The game’s graphics are quite good, and the music is maybe not exactly the equal of Secret of Mana but it’s close. The game’s best known feature is that you start off by choosing three characters out of six. Although the overall plot is basically the same with all of them, there are some different bosses and events with each of them. Also the combat experience will be different based on who you pick — as well as which class upgrades you select for each person (there are two second level classes and four third level classes for each). This gives the game a high level of replayability.
I went with Duran, Angela, and Riese. Duran and Riese were quite good. The Star Lancer class has very helpful stat boosts and she has a high attack. Duran was fine as well — I made him a Lord and the healing was helpful. Angela was not as good. Magic is worse in this game than it was in SoM and by the end of the game she was basically dead weight, especially in boss battles.
My biggest gripe with the game is how sluggish and unresponsive the system feels to me. It’s supposed to be an action RPG, but you spend a lot of time watching animations and mashing buttons to bring up menus. It can be hard to tell what’s happening as you’re knocked around the screen.
SoM had a big problem where magic was too powerful, and the upper level techs were tough to use. Magic is weaker in this game — late-game Angela is still decent for attacking grunt enemies although you have to sit through the animations to do so. The 2nd and 3rd level techs do not require as much time to build up; you get one bar filled for each successful attack you do and when it fills up you get to use the tech. It’s nice that if the tech misses you don’t lose the bars and can try again.
However, in the latter half of the game, most bosses and some grunt enemies respond to magic or level 2/3 techs by powerful counter attacks. So not only do level 2/3 techs take longer to build up, but they have a good chance of the enemy walloping you in response. Because of this I just kept everyone on level 1 techs later in the game.
Another issue I had with the game is that when you’re going after the 8 mana beasts in the second half of the game, the difficulty seems to ramp up faster than you can keep up just by fighting the monsters as you go. Because of the way the weapon and armor stats work (they interface with your base stats), I had to do a lot of grinding to keep up with the enemies. There were enemies in the later dungeons that could wipe my entire party with one of their special moves, and if I was 4-5 levels behind it was hard to do much damage to them. This is really the part that made me go from not much liking the game to actively disliking it.
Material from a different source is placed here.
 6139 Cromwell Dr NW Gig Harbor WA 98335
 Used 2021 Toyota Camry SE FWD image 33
One side note on the graphics is that this game uses the Super Famicom’s “high res” mode to render the text, allowing them to fit more text in a box and use sharper, easier to read kanji. The next game I’m playing (Odysselia II) also uses this method, although I wonder how widespread it becomes after this point. It does cause a bit of a graphical glitch or stutter on bsnes as the game switches from the regular resolution to the high-res box (and it messes up bsnes-MT’s pixel perfect scaling mode), but I wonder what this looked like on an actual CRT.
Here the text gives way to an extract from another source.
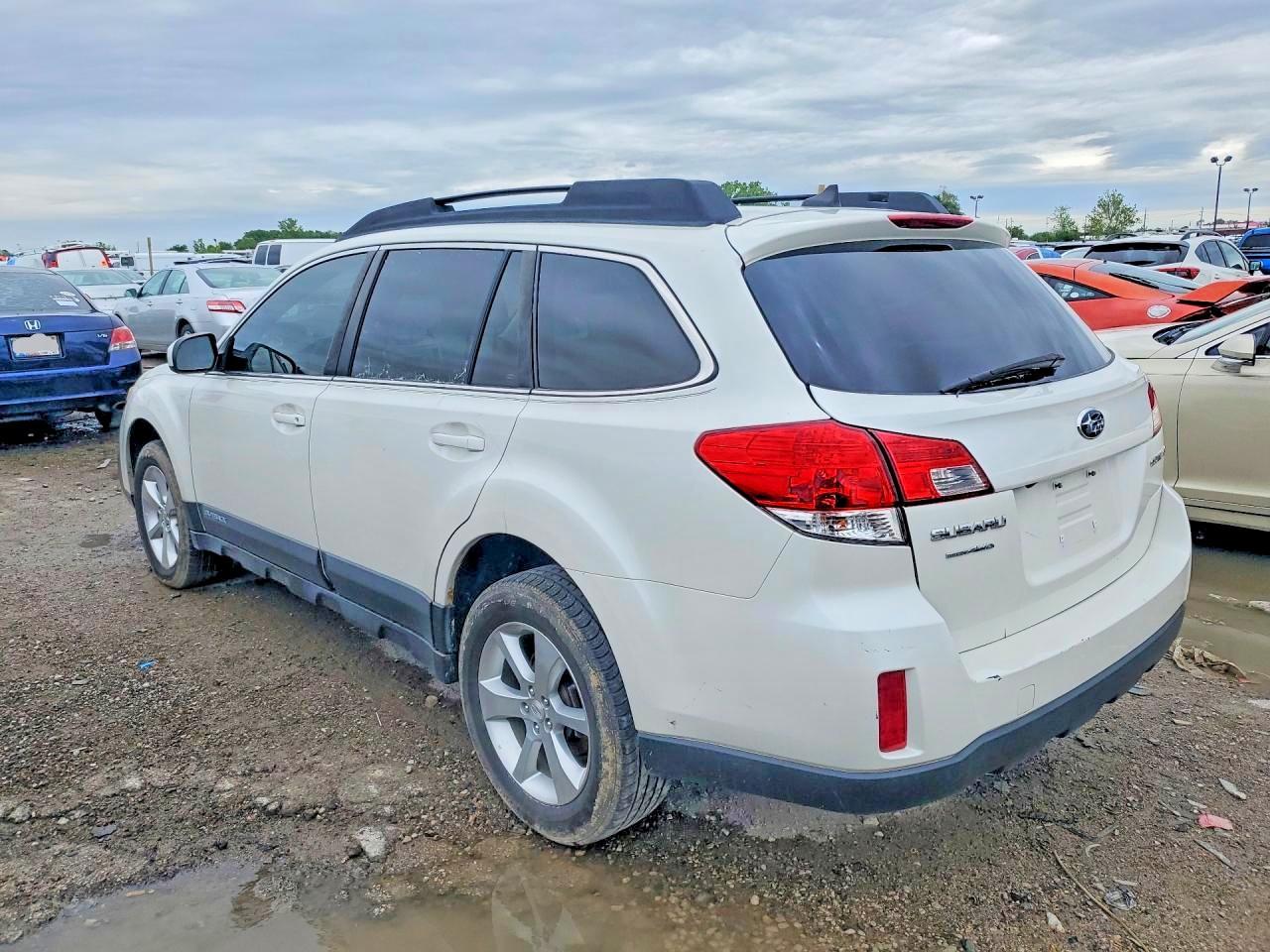 SUBARU OUTBACK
The story is fine. With Duran, it begins with the “Red Magician” attacking the kingdom Duran serves, and he leaves home to defeat the magician. Duran’s father was a famous knight hero. Along the way he is chosen by the mana fairy and has to work first to stop the enemies from reviving the mana beasts and destroying the mana stones. The Mana Tree is dying, and to save it they need to open the way to the mana holy land and recover the Mana Sword (this area is taken straight from Secret of Mana).
Along the way we learn about the stories of the other five characters — because I chose Angela and Riese their stories are more involved (Riese needs to take back her kingdom and Angela has to save her mother), but we get some insight into the other three characters as well.
Of course getting the Mana Sword is not the end of the story. The mana beasts have been revived anyway, and we have to go track down all 8 of them and beat them — the story grinds to a halt here. Once the eight are defeated, the final confrontation occurs in a different dungeon depending on your main character choice. Once those people are dealt with, the final boss is in the Mana Holy Land.
I wonder if I would have liked this game more if I weren’t expecting so much from it. I think I first heard about this game in the late 1990s and tried playing it a bit around then. Sometimes a game can be a victim of high expectations.
So don’t necessarily take my bad experience as how you would feel about the game — it’s highly regarded and has a strong fan base.
That being said, this game was remade in 2020 for next-gen systems, and this version looks more fun to me from what I saw on youtube videos. The battle system is much smoother and faster paced, with far fewer moves that pause the gameplay while you watch an animation. I would be interested to hear from anyone who has played this version.